[SOURCE RECORDS — start]
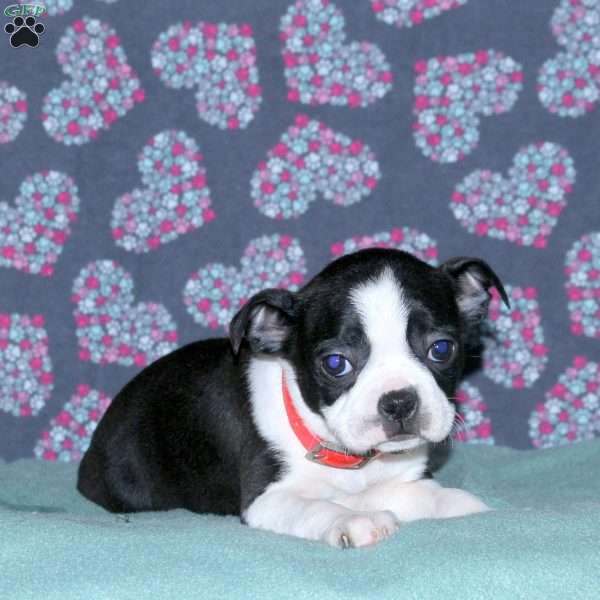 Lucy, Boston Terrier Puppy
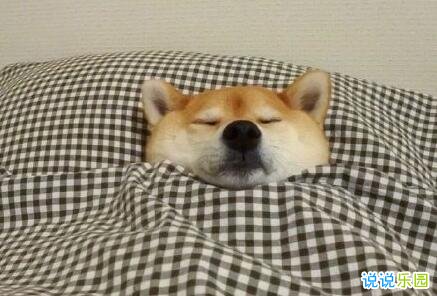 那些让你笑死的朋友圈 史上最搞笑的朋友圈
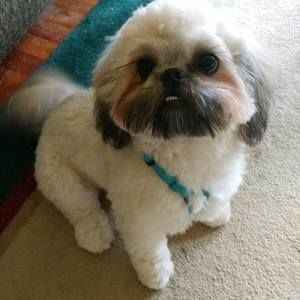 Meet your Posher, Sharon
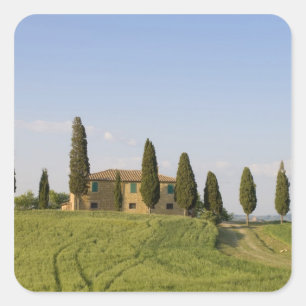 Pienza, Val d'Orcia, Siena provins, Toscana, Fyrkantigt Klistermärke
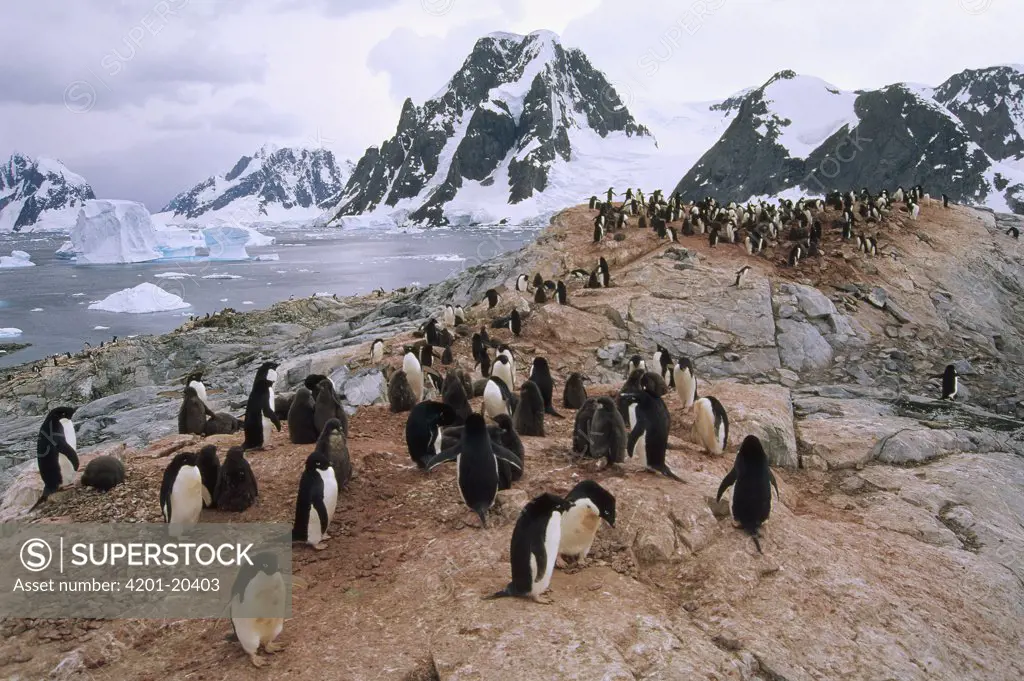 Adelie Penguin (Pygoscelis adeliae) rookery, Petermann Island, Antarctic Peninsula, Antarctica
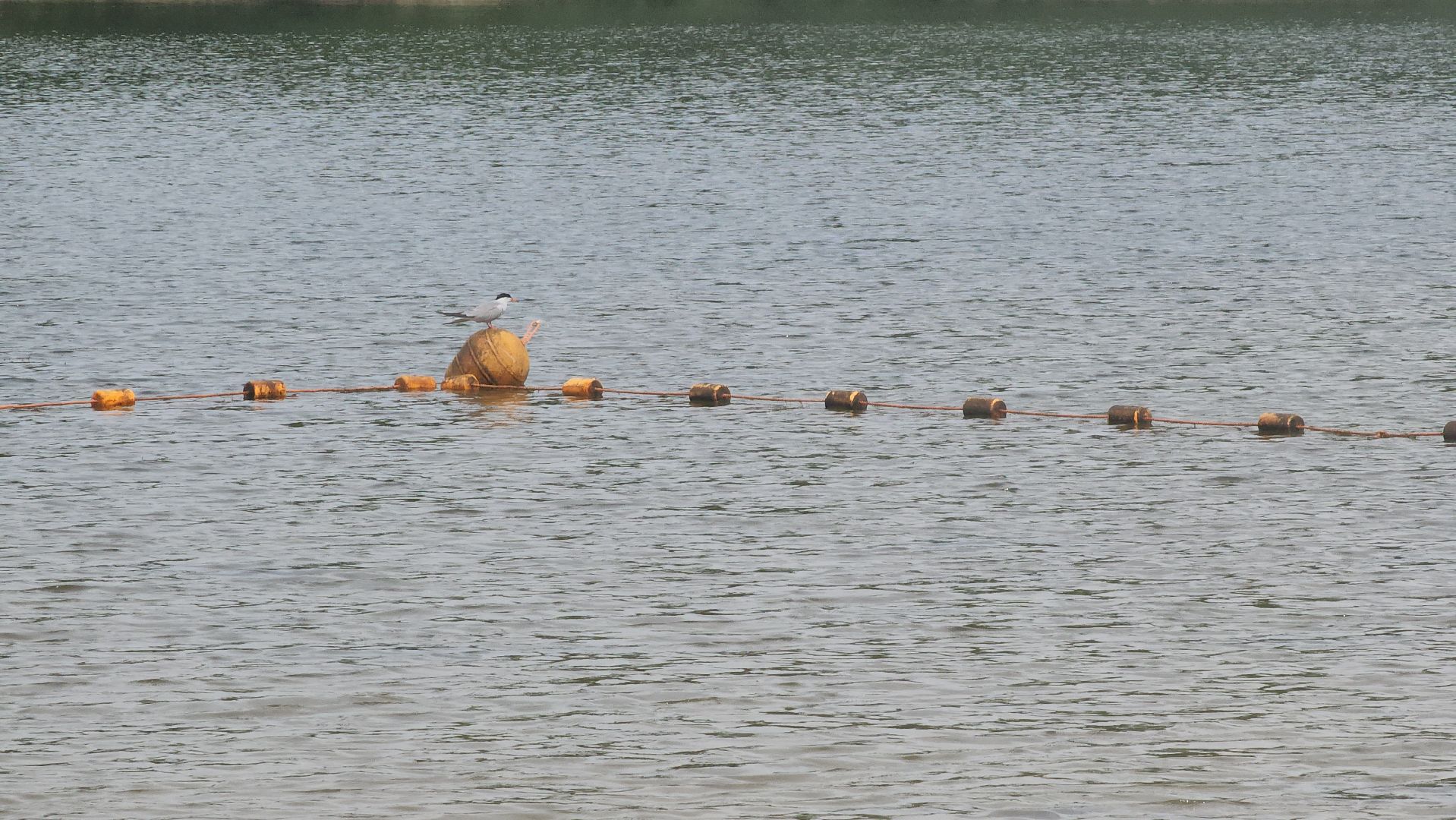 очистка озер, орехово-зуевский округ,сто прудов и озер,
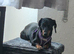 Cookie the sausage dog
[SOURCE RECORDS — finish]
> _ABOUT THIS EXERCISE_: Word-for-word output of every record is needed, with images omitted.

> _SOLUTION BELOW_:
 Lucy, Boston Terrier Puppy
 那些让你笑死的朋友圈 史上最搞笑的朋友圈
 Meet your Posher, Sharon
 Pienza, Val d'Orcia, Siena provins, Toscana, Fyrkantigt Klistermärke
 Adelie Penguin (Pygoscelis adeliae) rookery, Petermann Island, Antarctic Peninsula, Antarctica
 очистка озер, орехово-зуевский округ,сто прудов и озер,
 Cookie the sausage dog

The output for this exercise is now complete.